Fidelidad

Era la última que quedaba en la Reserva cuando, Lua, fue adoptada.  En un principio iría destinada a una clínica veterinaria para a su vez poderla adoptar. Pero fue llevarla a casa y enamorar a sus habitantes. Tenía tres meses y era la perrita más bella que jamás vieron; cariñosa, juguetona, simpática como corresponde a un bebe perruno.

Pronto eligió a quién sería su ama: la abuela, y de ella no se separaba nunca.  Ella la sacaba a la calle, la daba su premio, la ponía su comida...  Se sentaba en el suelo junto a ella.  Se habían convertido en inseparables, y dormía en su colchón en  la misma habitación.

El tiempo fue pasando y los nietos formaron su propio hogar y la abuela y Lua, siguieron con su vida adelante, con su misma rutina. Era con quién la abuela mantenía largas conversaciones, ya que por los trabajos, la familia tardaba en visitarla.  Pero la fiel Lua, siempre estaba con ella.

Una noche se mostró inquieta sin saber por qué. Ese día la anciana no lo había pasado muy bien: había dormido mal y no tenía apetito.  Su cabeza daba vueltas a base de mareos y perdía el equilibrio. Contaba a su fiel amiga lo que la estaba ocurriendo y en ella se apoyaba hasta llegar al teléfono.  Un teléfono puesto por su familia de asistencia social para que acudiera a él en caso de necesidad.  Y ese día lo era.

Lua daba vueltas a su alrededor llorando inquieta porque presentía que algo no marchaba bien. La abuela se sentó en un sillón y consiguió apretar el botón que la conectaría con su asistente social. Después de saludarla y preguntarla lo que la ocurría, no podía explicarlo, las palabras se negaban a salir de su boca, pero los ladridos de Lua les alertaron de que algo extraño estaba ocurriendo.  Rápidamente fueron al domicilio y al entrar contemplaron a la perra sentada sobre sus patas traseras mirando a la anciana que tenía la cabeza recostada de lado y no respondía a las llamadas.   Lua lloraba constantemente sin separarse de ella.

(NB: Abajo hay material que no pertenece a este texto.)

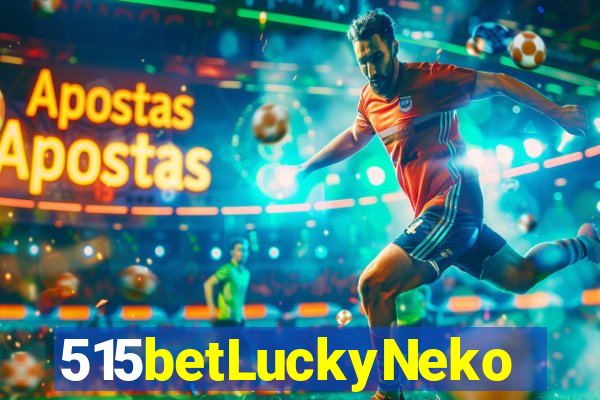 515betLuckyNeko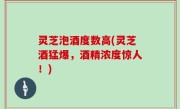 灵芝泡酒度数高(灵芝酒猛爆，酒精浓度惊人！)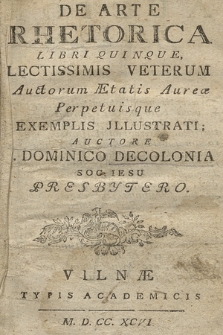 De Arte Rhetorica Libri Quinque : Lectissimis Veterum Auctorum Ætatis Aureæ Perpetuisque Exemplis Jllustrati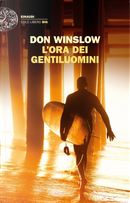 L'ora dei gentiluomini by Don Winslow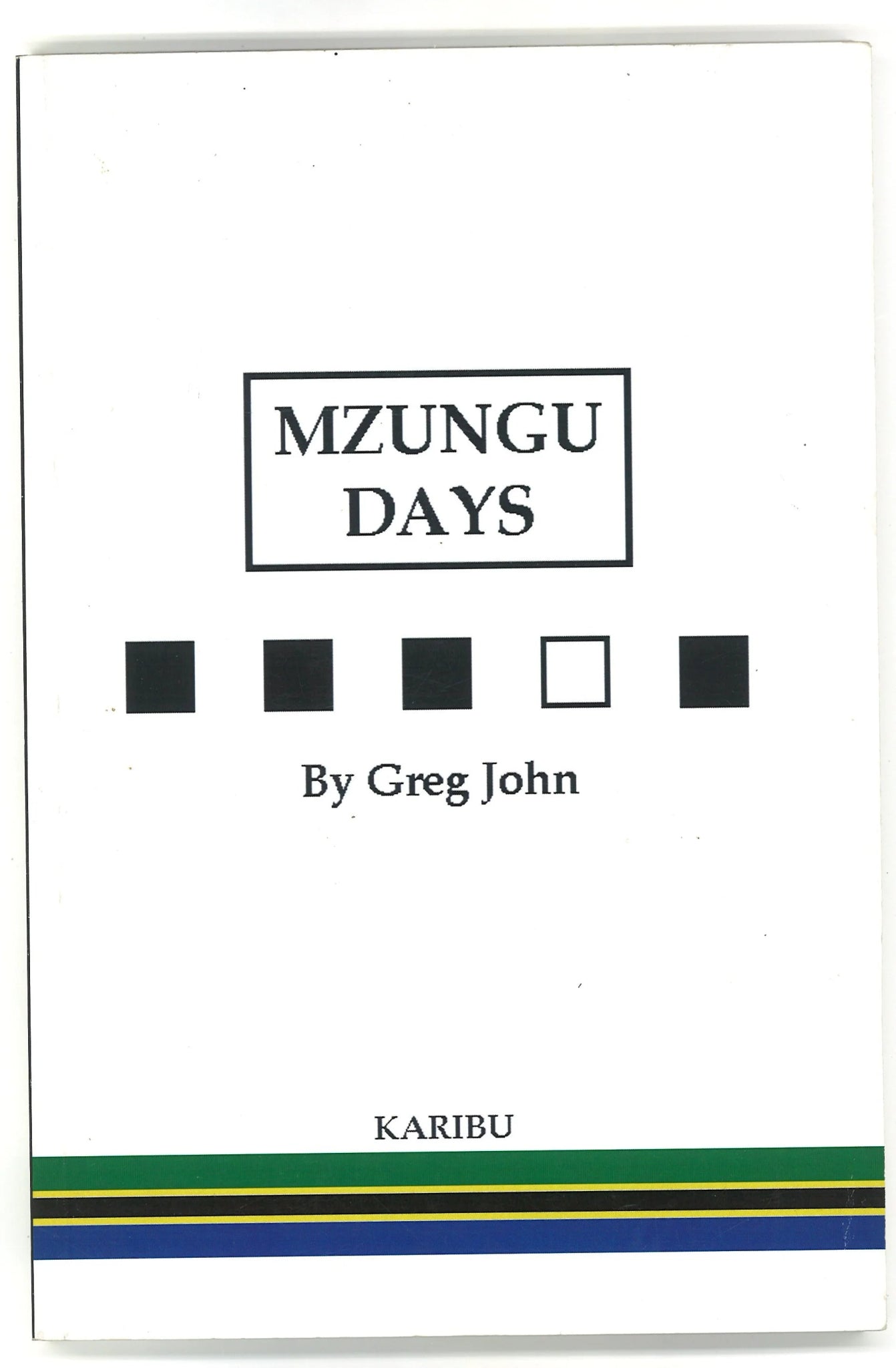 Mzungu Days: Memoir of East African Adventures Greg John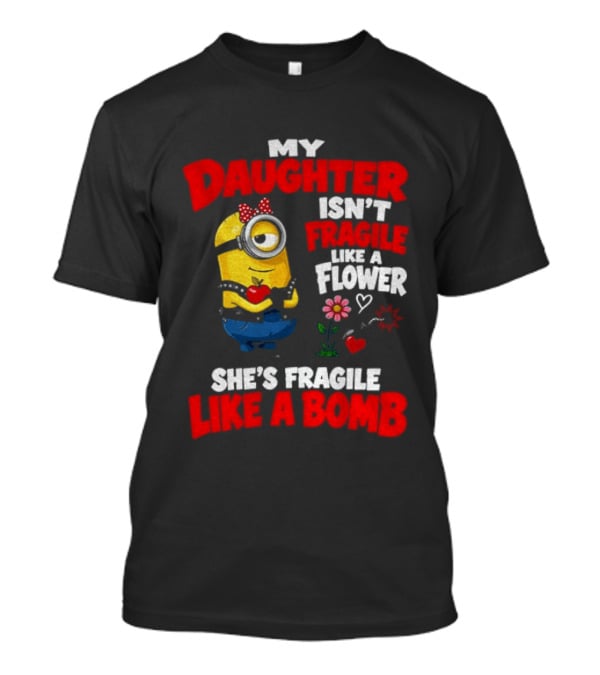 Minion My Daughter Isn't Fragile Like A Flower She's Fragile Like A Bomb T-Shirt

La trasladaron en la ambulancia, pero nada pudo hacerse por ella: un derrame cerebral había terminado con su vida. 

  Avisaron a la familia que de inmediato se personaron en el hospital.  Sólo pudieron despedirse de ella.  lloraban abrazados unos a otros reprochándose mutuamente la soledad en la que la habían dejado, pero ahora todo daba igual.  Y de repente uno de ellos se acordó de Lua ¿ dónde estaba ? Ninguno se encontraba con fuerzas para ir a casa de la abuela y recoger sus cosas poniendo todo en orden.

Por fín, después del entierro decidieron que alguien tenía que hacerlo, además Lua necesitaba comer, beber agua y salir a la calle.  Al entrar en la vivienda, les sorprendió el silencio, demasiado silencio. Y lo más extraño de todo: la perra no salió a saludarles.  Comenzaron a llamarla, pero tampoco acudía . " Seguro que está en casa de la vecina ", pensaron.  Pero al entrar en el salón, salieron de dudas:  junto al sillón en que la abuela se sentaba, tumbada en el suelo, estaba Lua.  Había seguido a su ama y ahora las dos, reían felices en ese cielo especial que los perros tienen con sus seres más queridos.